Eligibility dispute story spreads
Now National Press Club event scheduled on challenge to Oval Office occupant
Questions raised over Barack Obama's citizenship are reaching into the National Press Club now, with an event scheduled Monday at which an activist group will call for the release of documentation proving his eligibility to occupy the Oval Office.
Already, at least one legal advocacy group is promising to raise legal challenges to whatever Obama would do as president, until and unless his eligibility is established.
Now the group that has aired and published a number of ads challenging Obama based on charges that he was born in Kenya, not Hawaii, and doesn't meet the U.S. Constitution's requirement that all presidents be "natural-born" citizens has scheduled a news conference in Washington.
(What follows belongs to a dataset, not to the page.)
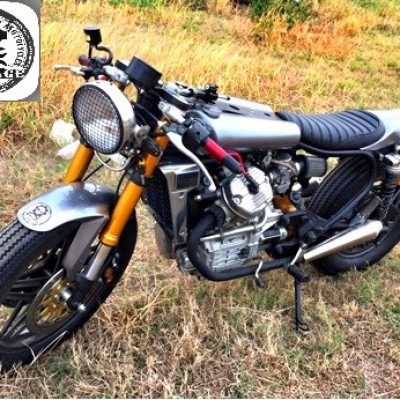 Honda GL400 độ phong cách cafe racer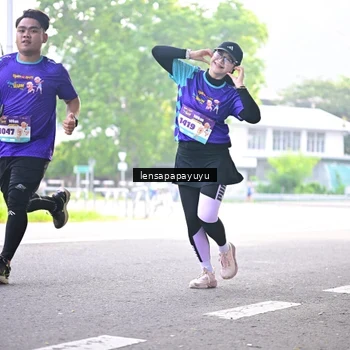 Runner Photo 8358129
Among those scheduled to be present are attorneys handling a Pennsylvania case brought by Philip Berg, a New Jersey case brought by Leo Donofrio and a California case brought by Orly Taitz. The U.S. Supreme Court justices were scheduled to have a conference today on whether to accept arguments on the issue, but no immediately announcement was made.
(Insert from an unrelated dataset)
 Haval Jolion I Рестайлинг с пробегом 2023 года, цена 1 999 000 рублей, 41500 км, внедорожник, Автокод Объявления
WeThePeopleFoundation.org, which is scheduling the event, will talk about Obama's response to the publication of an open letter last week in the Chicago Tribune.
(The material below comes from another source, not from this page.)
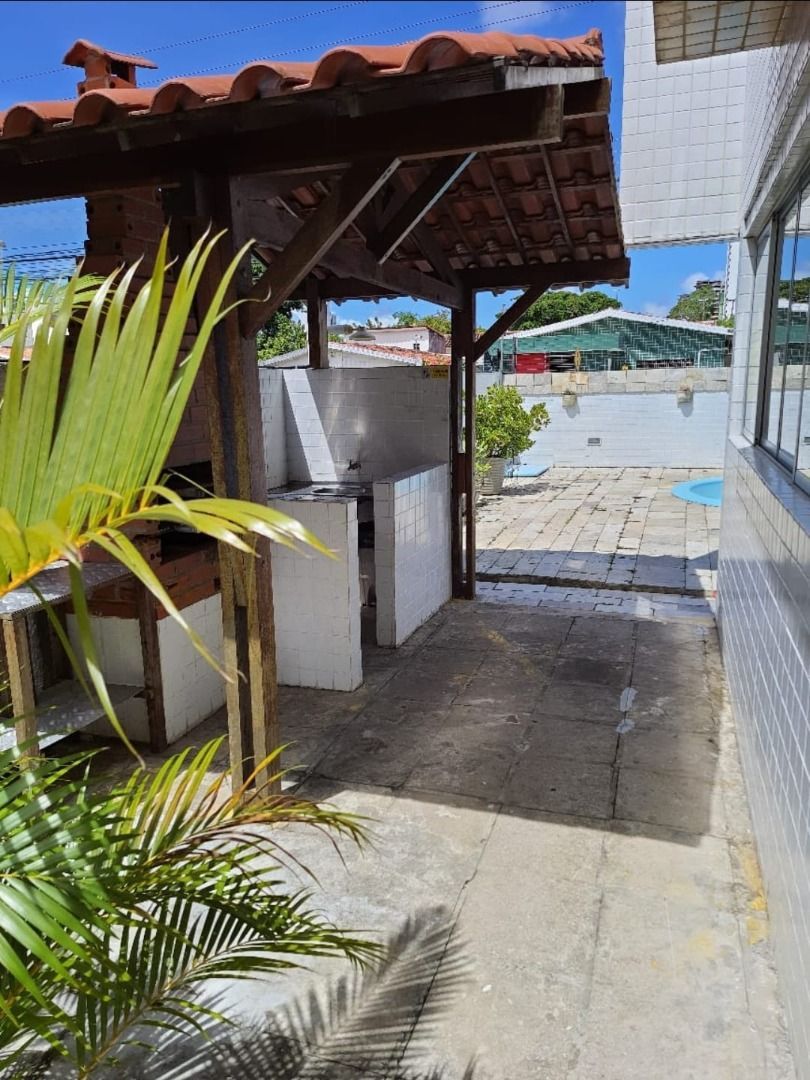 Apartamento com 03 dormitórios à venda, 93m² por R$ 490.000 - ...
The letter sought Obama's authorization for access to his original birth certificate, which state officials in Hawaii report having seen.
"Under our Constitution, no one is eligible to assume the office of the president unless he or she is a 'natural born citizen,'" Bob Schulz of WeThePeople said. "To date, Mr. Obama has refused all requests to release his original birth certificate or other documents that would definitively establish his citizenship status and thus his constitutional eligibility."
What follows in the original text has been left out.